Stored dataset items ▸
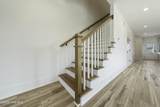 205 Spartanburg Avenue - Photo 24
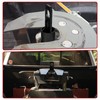 5th Wheel Lifting Hook Wheel Hitch Trailer 5th Wheel Lifting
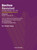 Bochsa Revisited - 40 Easy Etudes, Op. 318 - Vol I [CF:H73]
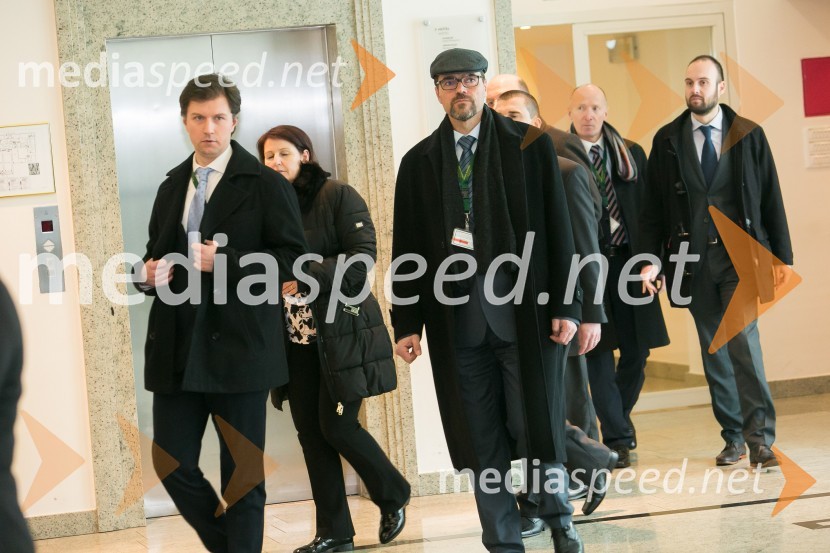 10. obletnica uvedbe evra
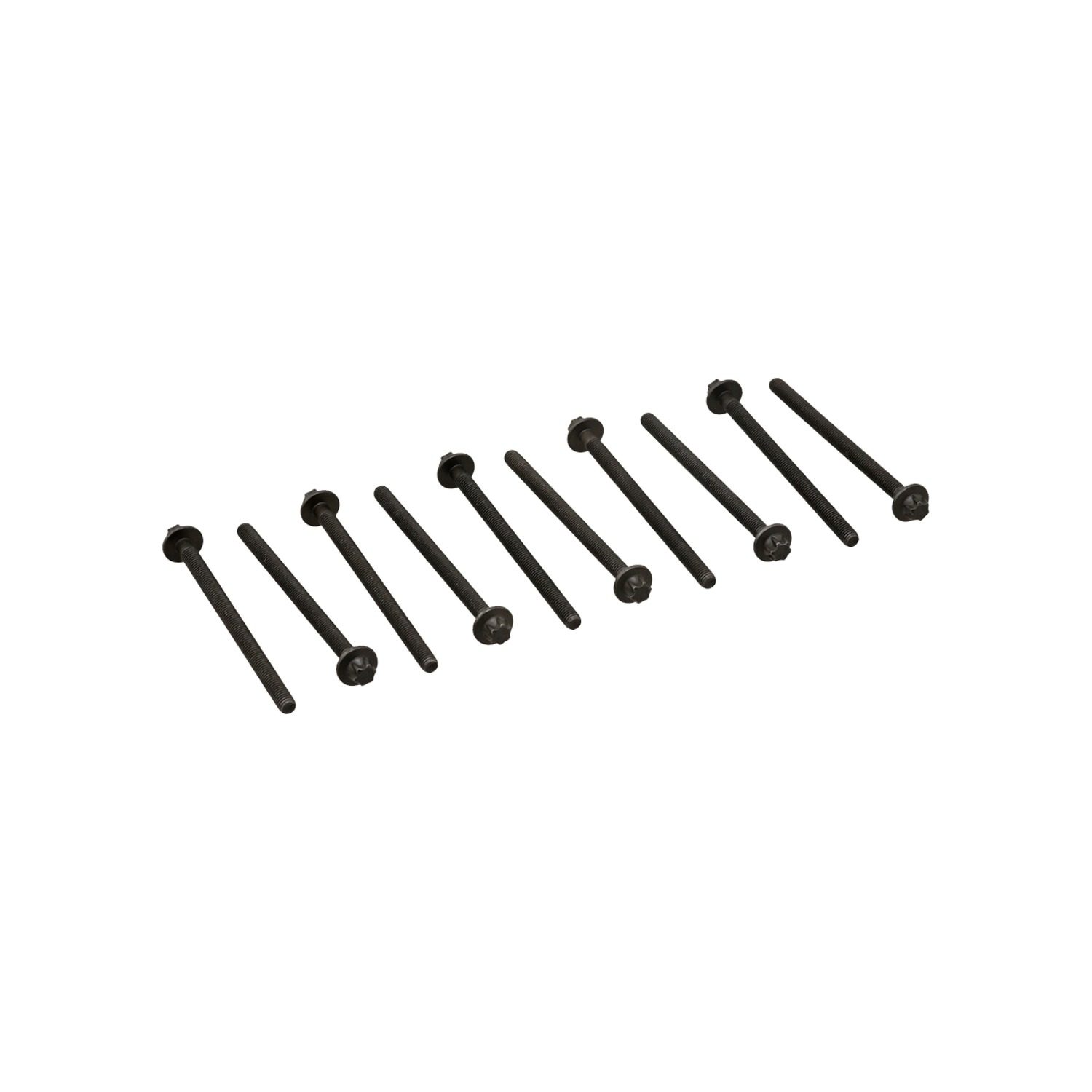 Vauxhall 1.0  Z 10 XEP Petrol Head Bolt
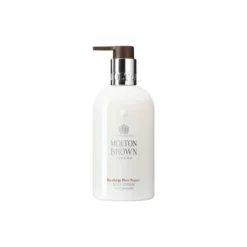 Re-Charge Black Pepper Body Lotion
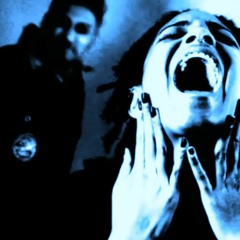 THE ANXIETY, WILLOW, Tyler Cole - Hey You (Slowed)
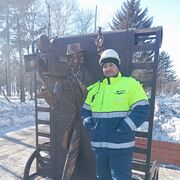 ���������� ���������, ���� ������� ������, 41 ���, ������������ ��� ������, ����� � ���������, c�������� ���������, ���������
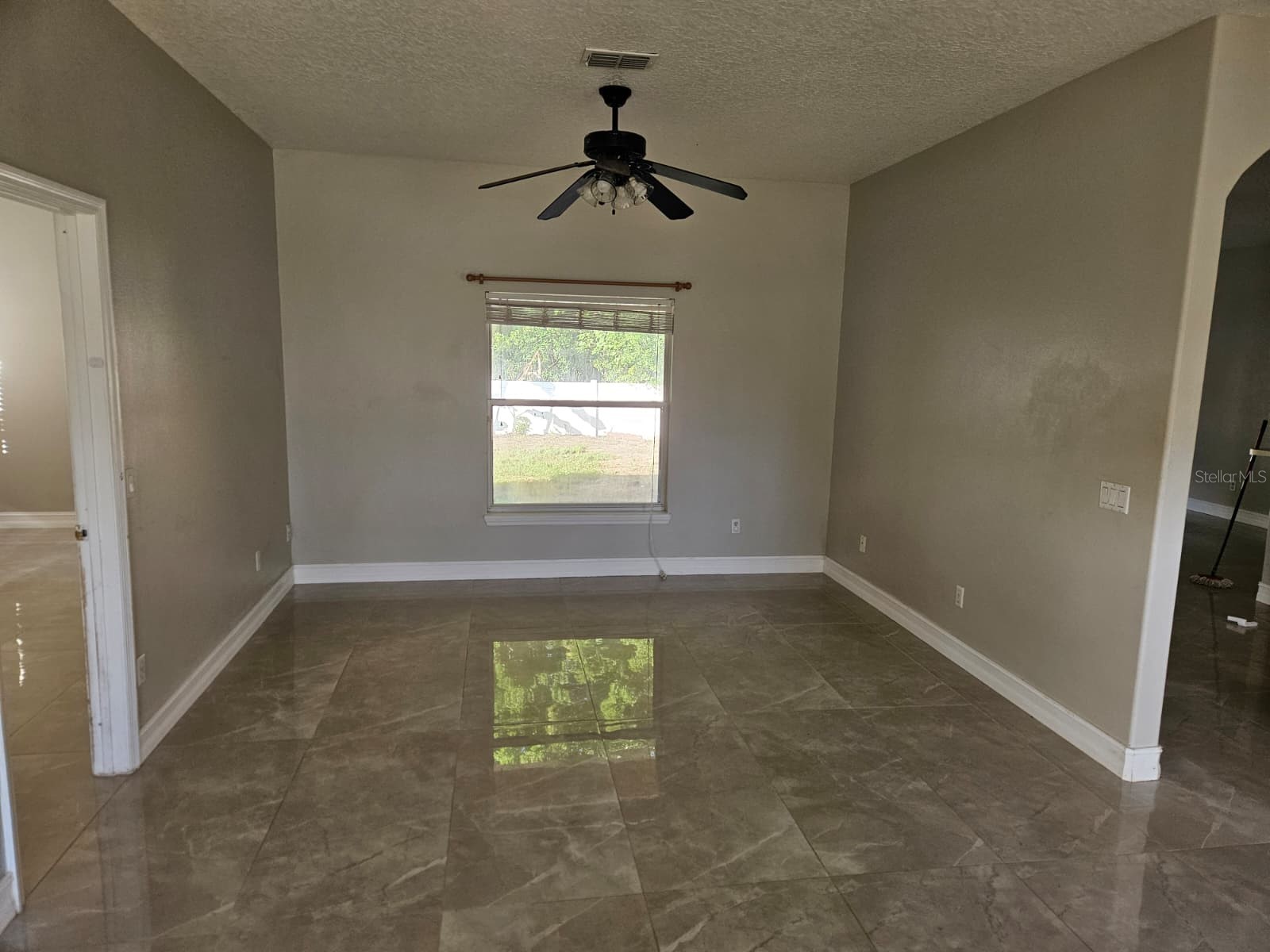 647 Carey Way Orlando FL 32825 O6406500 image12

Problem requirements ▸
Only the records, copied exactly and without pictures, should make up the answer.

Your solution ▸
 205 Spartanburg Avenue - Photo 24
 5th Wheel Lifting Hook Wheel Hitch Trailer 5th Wheel Lifting
 Bochsa Revisited - 40 Easy Etudes, Op. 318 - Vol I [CF:H73]
 10. obletnica uvedbe evra
 Vauxhall 1.0  Z 10 XEP Petrol Head Bolt
 Re-Charge Black Pepper Body Lotion
 THE ANXIETY, WILLOW, Tyler Cole - Hey You (Slowed)
 ���������� ���������, ���� ������� ������, 41 ���, ������������ ��� ������, ����� � ���������, c�������� ���������, ���������
 647 Carey Way Orlando FL 32825 O6406500 image12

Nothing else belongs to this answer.